• _RAW DATA_
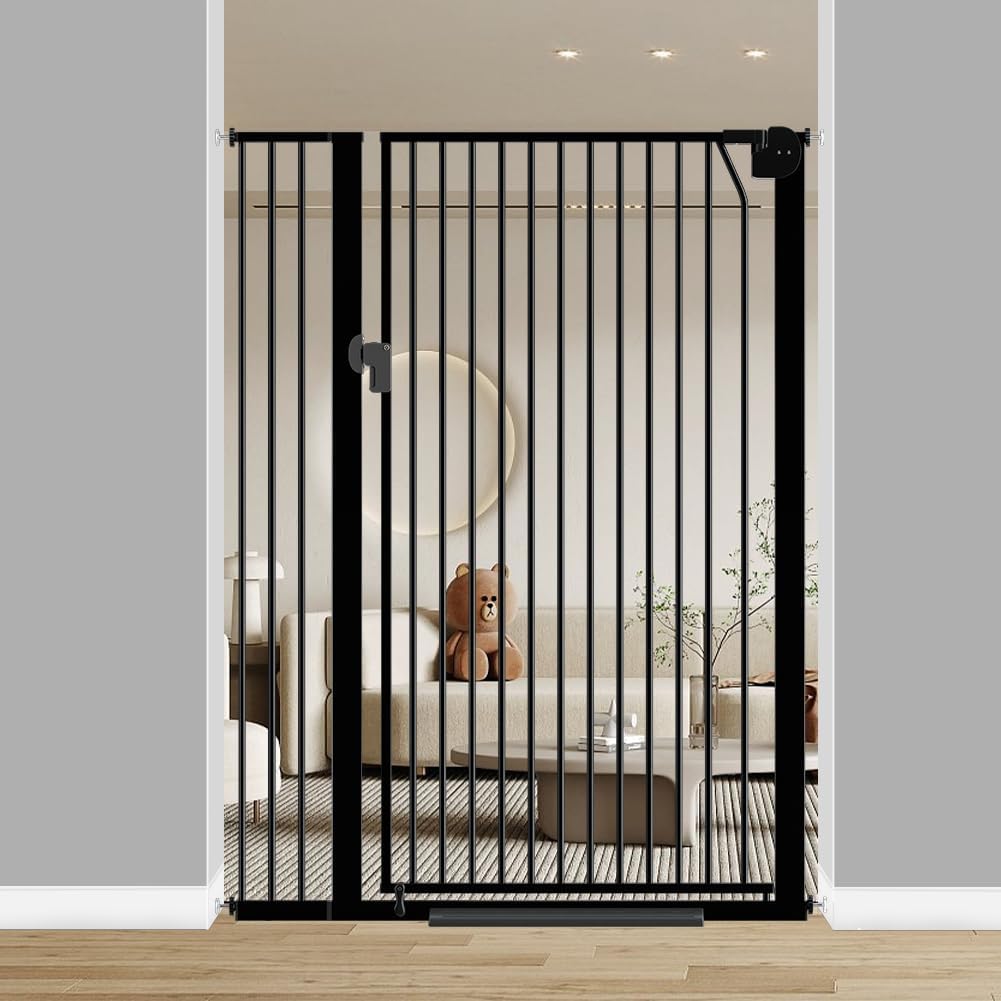 59" Tall Extra Tall Cat Gate for Doorways 33.5"37.4" Wide Pet Safety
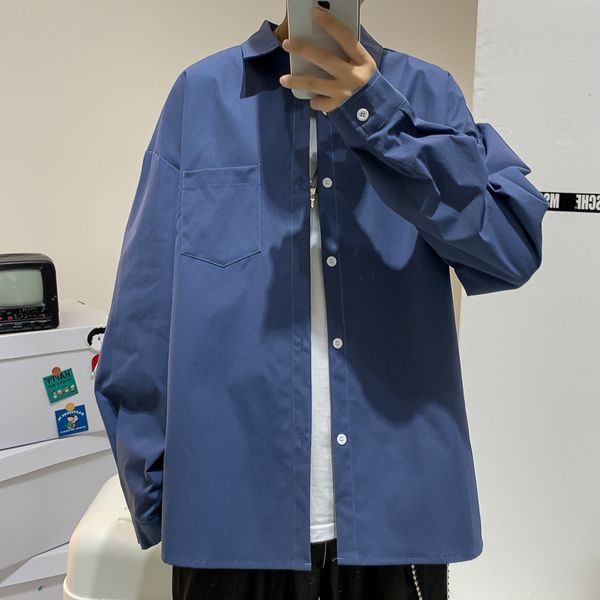 

2021 brand spring autumn long sleeves new flannel collar black korea style shirt for men's clothes z1b7, White;black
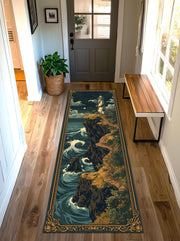 Coastal Lighthouse Runner Rug, Ocean Cliff Wave Hallway Carpet, Nautical Vintage Floor Mat for Entryway Kitchen Corridor Decor Gift Idea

• _WORK TO BE COMPLETED_
Every last line above must be reproduced as written, and no pictures belong in the copy.

• _COMPLETED TASK_
 59" Tall Extra Tall Cat Gate for Doorways 33.5"37.4" Wide Pet Safety

2021 brand spring autumn long sleeves new flannel collar black korea style shirt for men's clothes z1b7, White;black
 Coastal Lighthouse Runner Rug, Ocean Cliff Wave Hallway Carpet, Nautical Vintage Floor Mat for Entryway Kitchen Corridor Decor Gift Idea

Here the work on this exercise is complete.